Y por supuesto, sus viñas ancestrales, con especies escogidas y reconocidas.

La bodega, como dije, había sido recientemente re abierta como tal, habiendo permanecido olvidada durante cien años, siendo tan sólo utilizada esporádicamente para el cultivo del champiñón, como acertadamente supuse.

Es de obra sólida, bien diseñada y planificada para su uso, y sirve de base a todas las construcciones originales de la pedanía, teniendo comunicación con alguna de las casas, alguna abertura exterior que sirve de respiradero, y dos entradas importantes, una de ellas principal, porticada, a pie del suelo, aprovechando el desnivel entre las tierras bajas de la ribera y las más elevadas donde se asienta la pedanía.
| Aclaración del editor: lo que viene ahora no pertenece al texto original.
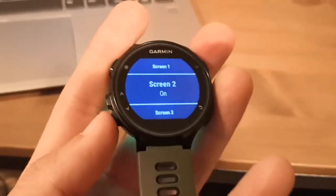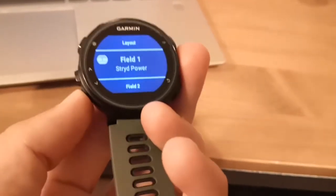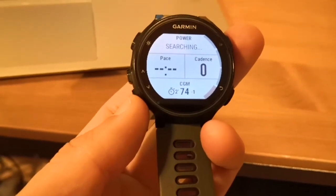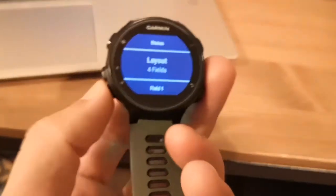Let's look at screen two. I've got a four-field layout. I've got Stryd, which is my running power, and I've got my CGM at the bottom, which is instantly hooked up to my phone. You'll notice there's a timer on the left showing how many minutes since the last reading, and a small figure on the right — currently minus one — which is the difference from the last reading. The big number in the middle is the actual glucose reading.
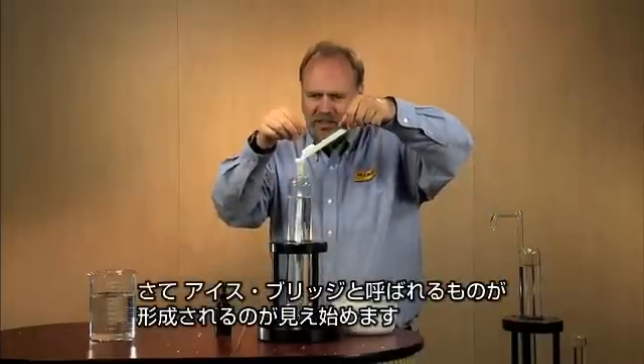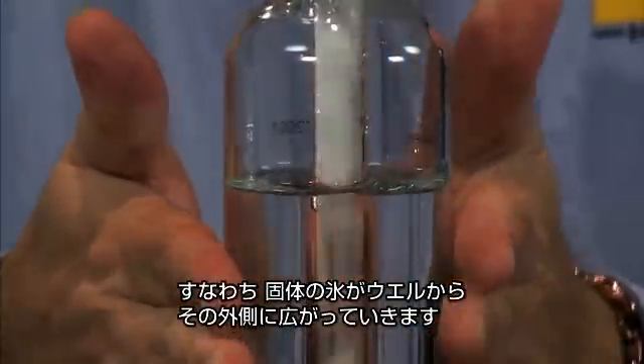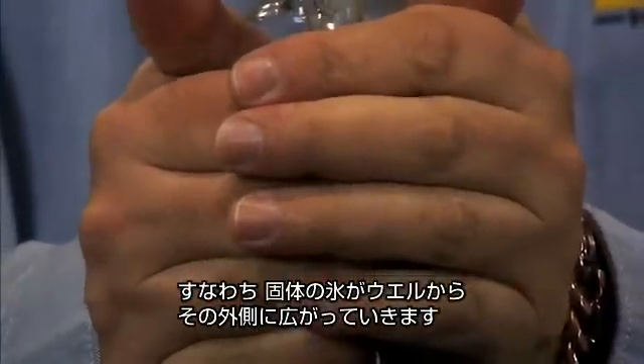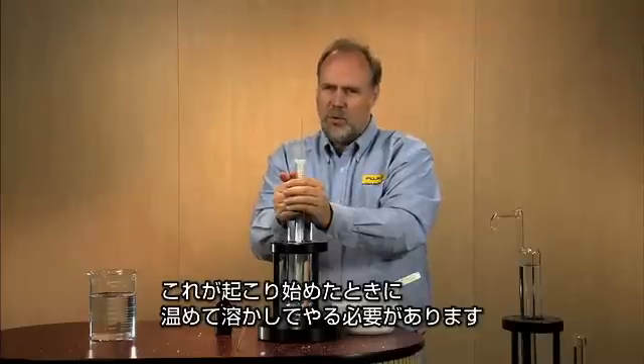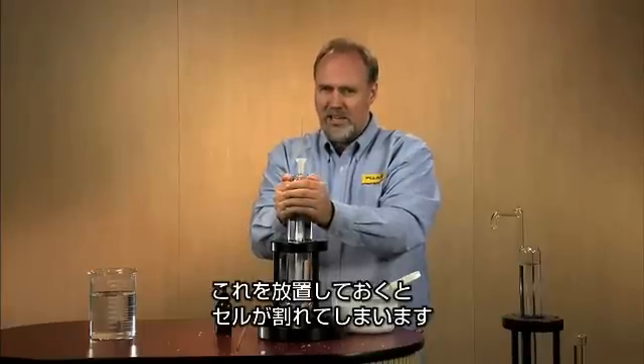Now I'm starting to see forming what's called an ice bridge, which means I've got solid ice freezing from the well right to the outsides. When that begins to happen, you need to warm it up and melt it away. If you let it go unchecked, it will break your cell.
Esta entrada, a la derecha de la iglesia y por debajo de ella, según se viene de Aranjuez, es de factura cuidada, de estilo barroco, y suficientemente grande para permitir a la vez el paso de dos carruajes de caballos de los de la época de su construcción.

La bodega se podía visitar: Era una táctica comercial acertada.

Efectivamente, existía la galería cegada.

No estaba realmente oculta. Simplemente no se imaginaba a dónde pudiera llevar. Nadie la recordaba ni figuraba en los planos, que se habían elaborado recientemente. Si no se sabía que estaba allí, o se buscaba, no había señales que la indicaran.

Aparentaba otro muro de ladrillos más de los que interrumpían la galería abovedada.

Enladrillada, si se prestaba atención, en época más reciente que el resto de las paredes.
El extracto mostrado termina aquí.